JAYAGROGN - Jayant Agro Org.
Financial Performance
Revenue Growth by Segment
Consolidated revenue from operations grew by 17.59% YoY, reaching INR 2,529.83 Cr in FY2025 compared to INR 2,151.38 Cr in FY2024. Standalone revenue increased by 20.33% to INR 1,210.96 Cr. The growth is driven by higher volumes in the castor oil and derivatives segments, though the castor oil segment remains a high-revenue, low-margin business.
Geographic Revenue Split
Not explicitly disclosed in percentages by region, but the company is a major exporter, with total Indian castor oil exports rising 6.19% from 6.46 Lakh Metric Tons in FY2024 to 6.86 Lakh Metric Tons in FY2025. The company faces a significant 50% tariff on exports to the US, which is a key monitorable for future geographic revenue distribution.
Profitability Margins
Consolidated PAT/OI (Profit After Tax to Operating Income) improved from 1.9% in FY2023 to 2.6% in FY2024. Consolidated Profit before Finance cost and Tax stood at INR 91.05 Cr in FY2025, a 10.32% increase from INR 82.53 Cr in FY2024. Margins are constrained by the high revenue share of the low-margin castor oil segment.
EBITDA Margin
Consolidated OPBDIT/OI margin was 4.5% in FY2024, up from 3.5% in FY2023. This 100 bps improvement reflects better operational efficiencies and a shift toward higher-margin derivatives, although overall margins remain moderate due to commodity price volatility.
Capital Expenditure
The company is undertaking greenfield capex to expand the higher-margin castor derivative segment. While specific INR Cr for the new project is not detailed, maintenance capex is expected to be funded through internal accruals. Total depreciation and amortisation expenses rose 22.2% to INR 19.41 Cr in FY2025, indicating increased asset base.
Credit Rating & Borrowing
The company maintains an [ICRA]A- (Stable) rating for long-term debt and [ICRA]A2+ for short-term debt as of September 2025. Interest coverage ratio was healthy at 10.3x in FY2024. Finance costs increased significantly by 99.6% to INR 18.92 Cr in FY2025 from INR 9.48 Cr in FY2024, reflecting higher borrowing or utilization of limits.
Operational Drivers
Raw Materials
Castor seeds and Castor oil are the primary raw materials, accounting for the bulk of the cost of goods sold. The business is commoditised, making it highly sensitive to the price fluctuations of these agricultural inputs.
Import Sources
Primarily sourced from Gujarat and Rajasthan, India, which are the global hubs for castor seed production. The company monitors crop estimates closely to manage procurement.
Key Suppliers
Not disclosed in available documents; however, procurement is backed by orders and hedging to mitigate price volatility.
Capacity Expansion
Ongoing greenfield capex is focused on increasing the production capacity of castor oil-based derivatives to improve the product mix toward higher-margin offerings.
Raw Material Costs
Raw material costs are a major component of the revenue, though specific % of revenue is not provided.
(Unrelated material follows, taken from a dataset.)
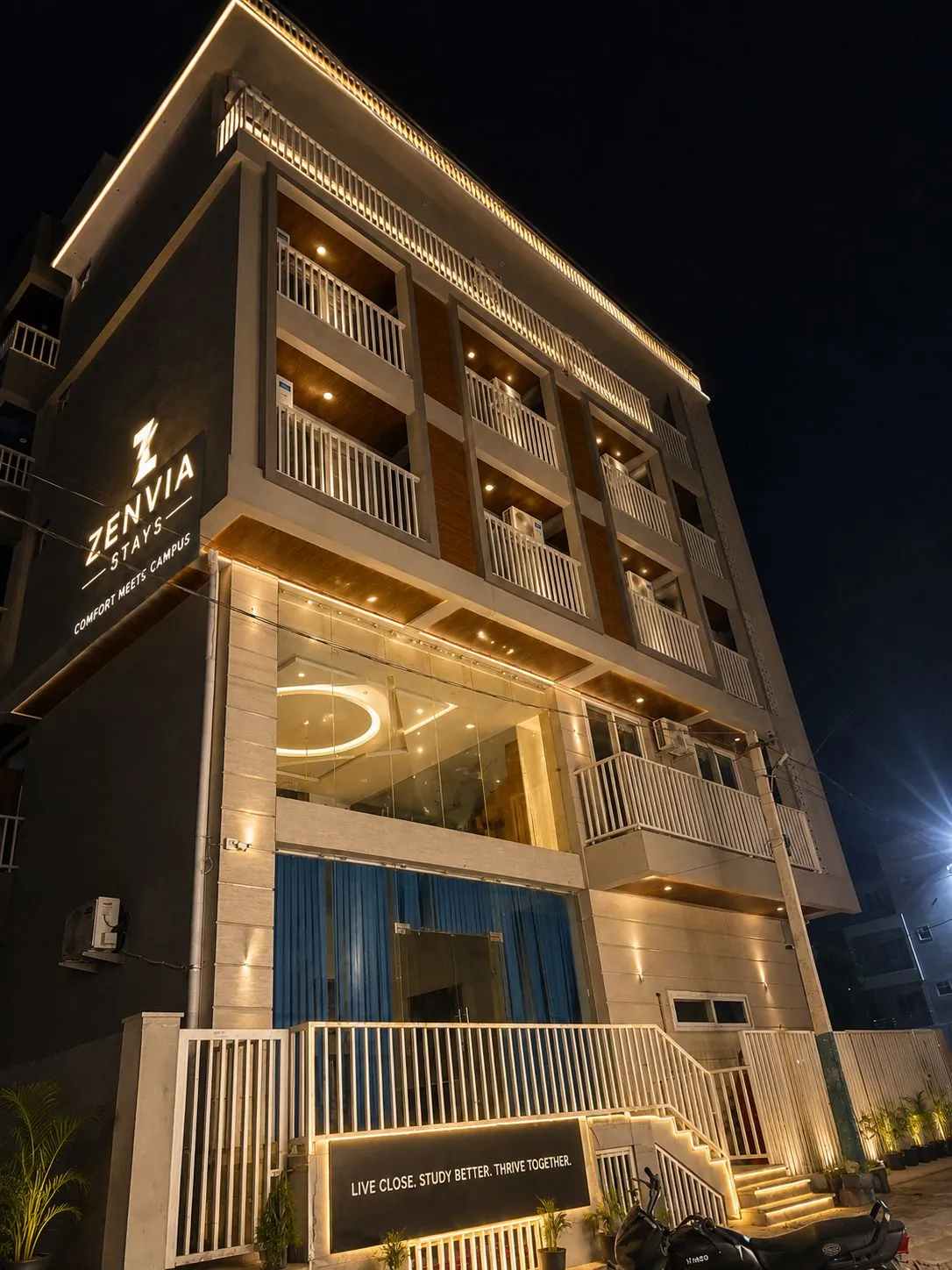 Zenvia Stays building lit up at night, near Manipal University, Jaipur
The company has shifted to an inventory holding policy where procurement is backed by specific orders to mitigate the risk of price volatility in castor seeds.
Manufacturing Efficiency
The company focuses on reducing wastages and improving recoveries through selection of efficient processing routes. Specific capacity utilization % was not disclosed.
Logistics & Distribution
Not disclosed as a specific % of revenue, but the company operates through subsidiaries like Ihsedu Itoh Green Chemicals Marketing for distribution.
Strategic Growth
Expected Growth Rate
17.60%
Growth Strategy
Growth is targeted through greenfield expansion in the high-margin castor derivatives segment and strategic joint ventures, such as Vithal Castor Polyols Private Limited (VCPPL) with Mitsui Chemicals (50:40:10 JV). The company aims to leverage its leadership position and 50+ years of promoter experience to increase market share in specialized chemical applications.
Products & Services
Castor oil, castor oil-based derivatives, sebacic acid, 12-HSA, and polyols used in polymers, plastics, and rubber industries.
Brand Portfolio
Jayant Agro-Organics, Ihsedu.
New Products/Services
The company is focusing on green chemicals and castor-based polyols through its JV VCPPL to cater to the growing demand for sustainable hydrocarbon substitutes.
Market Expansion
Expansion is focused on increasing the share of derivatives in the total product mix and strengthening global tie-ups with reputed chemical companies for volume offtake visibility.
Market Share & Ranking
The Jayant Group holds a leadership position in the Indian castor oil and castor oil-based derivatives business.
Strategic Alliances
Key JV: Vithal Castor Polyols Private Limited (VCPPL) with Mitsui Chemicals and Itoh Oil Chemicals Co. Ltd (IOCCL).
External Factors
Industry Trends
The industry is shifting toward 'green' chemicals as substitutes for hydrocarbon-based products. While this provides a long-term tailwind for castor derivatives, the industry currently faces pressure from volatile edible oil prices and regulatory scrutiny on end-user industries like plastics.
Competitive Landscape
Faces competition from other Indian castor processors and global producers of crude-based chemical substitutes.
Competitive Moat
The company's moat is built on 50+ years of promoter experience, a leadership position in a niche agricultural commodity, and strategic JVs with global players like Mitsui Chemicals. This is sustainable due to the high technical expertise required for derivatives.
Macro Economic Sensitivity
Highly sensitive to global commodity price cycles and agricultural output (castor crop yields).
Consumer Behavior
Increasing preference for bio-based and sustainable chemicals is driving demand for the company's derivative products.
Geopolitical Risks
The 50% tariff imposed by the US administration on Indian exports is the primary geopolitical risk, potentially impacting both volume and profitability.
Regulatory & Governance
Industry Regulations
Operations are governed by pollution control norms and export-import regulations. The 50% US tariff is a critical regulatory barrier currently affecting the industry.
Environmental Compliance
The company focuses on reducing environmental discharges. Non-compliance risks could lead to local community protests or capacity expansion constraints.
Taxation Policy Impact
The company is subject to standard Indian corporate tax rates; however, it faces ongoing disputes regarding service tax, excise, and customs.
Legal Contingencies
The company reports a contingent liability of INR 17.68 Cr as of March 31, 2025, related to service tax, excise, and customs disputes. The Board currently deems no provisioning necessary.
Risk Analysis
Key Uncertainties
The primary uncertainty is the impact of the 50% US tariff on export volumes. Additionally, the volatility of castor seed prices can impact profitability by +/- 5-10% depending on the crop season.
Geographic Concentration Risk
High dependence on export markets, with the US being a critical but currently high-risk region due to tariffs.
Third Party Dependencies
Moderate dependency on the castor farming community in Gujarat and Rajasthan for raw material supply.
Technology Obsolescence Risk
Low risk of obsolescence, but the company must continue to innovate in derivative applications to compete with evolving crude-based alternatives.
Credit & Counterparty Risk
Liquidity is adequate with INR 70.2 Cr fund flow from operations and moderate utilization (24.1%) of its INR 754.1 Cr sanctioned working capital limits.